'''

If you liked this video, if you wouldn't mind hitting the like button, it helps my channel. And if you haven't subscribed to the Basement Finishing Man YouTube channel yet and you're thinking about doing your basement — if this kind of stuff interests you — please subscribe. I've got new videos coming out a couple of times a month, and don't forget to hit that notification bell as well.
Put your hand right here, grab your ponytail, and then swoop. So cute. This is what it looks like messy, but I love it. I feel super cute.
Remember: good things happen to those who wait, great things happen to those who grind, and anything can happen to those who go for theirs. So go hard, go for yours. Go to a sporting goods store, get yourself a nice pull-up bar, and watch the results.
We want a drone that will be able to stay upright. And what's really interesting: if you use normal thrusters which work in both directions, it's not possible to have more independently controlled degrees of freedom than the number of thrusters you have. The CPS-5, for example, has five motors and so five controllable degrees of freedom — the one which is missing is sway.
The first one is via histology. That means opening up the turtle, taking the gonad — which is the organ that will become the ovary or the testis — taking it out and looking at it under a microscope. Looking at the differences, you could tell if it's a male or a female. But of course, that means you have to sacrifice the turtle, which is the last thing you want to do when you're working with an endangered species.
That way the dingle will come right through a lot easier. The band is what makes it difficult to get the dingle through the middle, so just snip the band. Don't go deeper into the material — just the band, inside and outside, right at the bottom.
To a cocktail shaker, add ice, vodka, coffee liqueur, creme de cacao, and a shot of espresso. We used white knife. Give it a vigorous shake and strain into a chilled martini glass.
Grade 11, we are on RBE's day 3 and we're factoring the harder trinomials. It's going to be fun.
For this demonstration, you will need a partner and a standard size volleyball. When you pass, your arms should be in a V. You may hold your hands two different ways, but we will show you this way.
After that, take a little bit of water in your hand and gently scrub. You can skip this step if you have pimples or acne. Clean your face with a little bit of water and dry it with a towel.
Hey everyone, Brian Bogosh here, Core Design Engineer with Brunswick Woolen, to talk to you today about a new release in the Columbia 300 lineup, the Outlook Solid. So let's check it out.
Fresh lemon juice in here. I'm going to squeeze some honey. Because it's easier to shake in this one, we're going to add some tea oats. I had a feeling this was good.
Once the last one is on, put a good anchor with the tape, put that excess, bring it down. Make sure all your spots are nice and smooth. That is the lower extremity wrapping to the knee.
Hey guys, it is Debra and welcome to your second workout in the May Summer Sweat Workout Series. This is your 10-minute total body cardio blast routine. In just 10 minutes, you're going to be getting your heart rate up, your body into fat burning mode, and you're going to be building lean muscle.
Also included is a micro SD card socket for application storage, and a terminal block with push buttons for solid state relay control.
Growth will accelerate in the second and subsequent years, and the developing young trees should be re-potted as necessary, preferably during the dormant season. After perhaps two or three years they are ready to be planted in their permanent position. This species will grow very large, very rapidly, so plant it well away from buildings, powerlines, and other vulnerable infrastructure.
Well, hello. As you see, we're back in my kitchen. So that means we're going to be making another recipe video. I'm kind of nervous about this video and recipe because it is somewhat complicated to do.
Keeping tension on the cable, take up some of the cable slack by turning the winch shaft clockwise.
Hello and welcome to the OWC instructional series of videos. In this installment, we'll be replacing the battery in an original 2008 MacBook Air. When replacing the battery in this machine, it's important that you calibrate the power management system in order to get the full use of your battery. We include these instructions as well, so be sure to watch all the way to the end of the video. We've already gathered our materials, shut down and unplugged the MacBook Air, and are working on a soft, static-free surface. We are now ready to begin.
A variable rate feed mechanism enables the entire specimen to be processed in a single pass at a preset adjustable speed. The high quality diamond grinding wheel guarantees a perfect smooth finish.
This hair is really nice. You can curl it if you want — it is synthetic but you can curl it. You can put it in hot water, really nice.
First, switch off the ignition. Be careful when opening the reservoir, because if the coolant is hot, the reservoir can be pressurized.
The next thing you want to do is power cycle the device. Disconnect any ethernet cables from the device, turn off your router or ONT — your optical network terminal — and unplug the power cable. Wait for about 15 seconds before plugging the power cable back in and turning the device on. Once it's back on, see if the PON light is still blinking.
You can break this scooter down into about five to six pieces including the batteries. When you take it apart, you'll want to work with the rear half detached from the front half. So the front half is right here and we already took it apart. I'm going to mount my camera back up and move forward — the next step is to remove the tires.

'''

The records above are to be printed in full, exactly as they appear.

SOLUTION FOR THIS EXERCISE ▸
If you liked this video, if you wouldn't mind hitting the like button, it helps my channel. And if you haven't subscribed to the Basement Finishing Man YouTube channel yet and you're thinking about doing your basement — if this kind of stuff interests you — please subscribe. I've got new videos coming out a couple of times a month, and don't forget to hit that notification bell as well.
Put your hand right here, grab your ponytail, and then swoop. So cute. This is what it looks like messy, but I love it. I feel super cute.
Remember: good things happen to those who wait, great things happen to those who grind, and anything can happen to those who go for theirs. So go hard, go for yours. Go to a sporting goods store, get yourself a nice pull-up bar, and watch the results.
We want a drone that will be able to stay upright. And what's really interesting: if you use normal thrusters which work in both directions, it's not possible to have more independently controlled degrees of freedom than the number of thrusters you have. The CPS-5, for example, has five motors and so five controllable degrees of freedom — the one which is missing is sway.
The first one is via histology. That means opening up the turtle, taking the gonad — which is the organ that will become the ovary or the testis — taking it out and looking at it under a microscope. Looking at the differences, you could tell if it's a male or a female. But of course, that means you have to sacrifice the turtle, which is the last thing you want to do when you're working with an endangered species.
That way the dingle will come right through a lot easier. The band is what makes it difficult to get the dingle through the middle, so just snip the band. Don't go deeper into the material — just the band, inside and outside, right at the bottom.
To a cocktail shaker, add ice, vodka, coffee liqueur, creme de cacao, and a shot of espresso. We used white knife. Give it a vigorous shake and strain into a chilled martini glass.
Grade 11, we are on RBE's day 3 and we're factoring the harder trinomials. It's going to be fun.
For this demonstration, you will need a partner and a standard size volleyball. When you pass, your arms should be in a V. You may hold your hands two different ways, but we will show you this way.
After that, take a little bit of water in your hand and gently scrub. You can skip this step if you have pimples or acne. Clean your face with a little bit of water and dry it with a towel.
Hey everyone, Brian Bogosh here, Core Design Engineer with Brunswick Woolen, to talk to you today about a new release in the Columbia 300 lineup, the Outlook Solid. So let's check it out.
Fresh lemon juice in here. I'm going to squeeze some honey. Because it's easier to shake in this one, we're going to add some tea oats. I had a feeling this was good.
Once the last one is on, put a good anchor with the tape, put that excess, bring it down. Make sure all your spots are nice and smooth. That is the lower extremity wrapping to the knee.
Hey guys, it is Debra and welcome to your second workout in the May Summer Sweat Workout Series. This is your 10-minute total body cardio blast routine. In just 10 minutes, you're going to be getting your heart rate up, your body into fat burning mode, and you're going to be building lean muscle.
Also included is a micro SD card socket for application storage, and a terminal block with push buttons for solid state relay control.
Growth will accelerate in the second and subsequent years, and the developing young trees should be re-potted as necessary, preferably during the dormant season. After perhaps two or three years they are ready to be planted in their permanent position. This species will grow very large, very rapidly, so plant it well away from buildings, powerlines, and other vulnerable infrastructure.
Well, hello. As you see, we're back in my kitchen. So that means we're going to be making another recipe video. I'm kind of nervous about this video and recipe because it is somewhat complicated to do.
Keeping tension on the cable, take up some of the cable slack by turning the winch shaft clockwise.
Hello and welcome to the OWC instructional series of videos. In this installment, we'll be replacing the battery in an original 2008 MacBook Air. When replacing the battery in this machine, it's important that you calibrate the power management system in order to get the full use of your battery. We include these instructions as well, so be sure to watch all the way to the end of the video. We've already gathered our materials, shut down and unplugged the MacBook Air, and are working on a soft, static-free surface. We are now ready to begin.
A variable rate feed mechanism enables the entire specimen to be processed in a single pass at a preset adjustable speed. The high quality diamond grinding wheel guarantees a perfect smooth finish.
This hair is really nice. You can curl it if you want — it is synthetic but you can curl it. You can put it in hot water, really nice.
First, switch off the ignition. Be careful when opening the reservoir, because if the coolant is hot, the reservoir can be pressurized.
The next thing you want to do is power cycle the device. Disconnect any ethernet cables from the device, turn off your router or ONT — your optical network terminal — and unplug the power cable. Wait for about 15 seconds before plugging the power cable back in and turning the device on. Once it's back on, see if the PON light is still blinking.
You can break this scooter down into about five to six pieces including the batteries. When you take it apart, you'll want to work with the rear half detached from the front half. So the front half is right here and we already took it apart. I'm going to mount my camera back up and move forward — the next step is to remove the tires.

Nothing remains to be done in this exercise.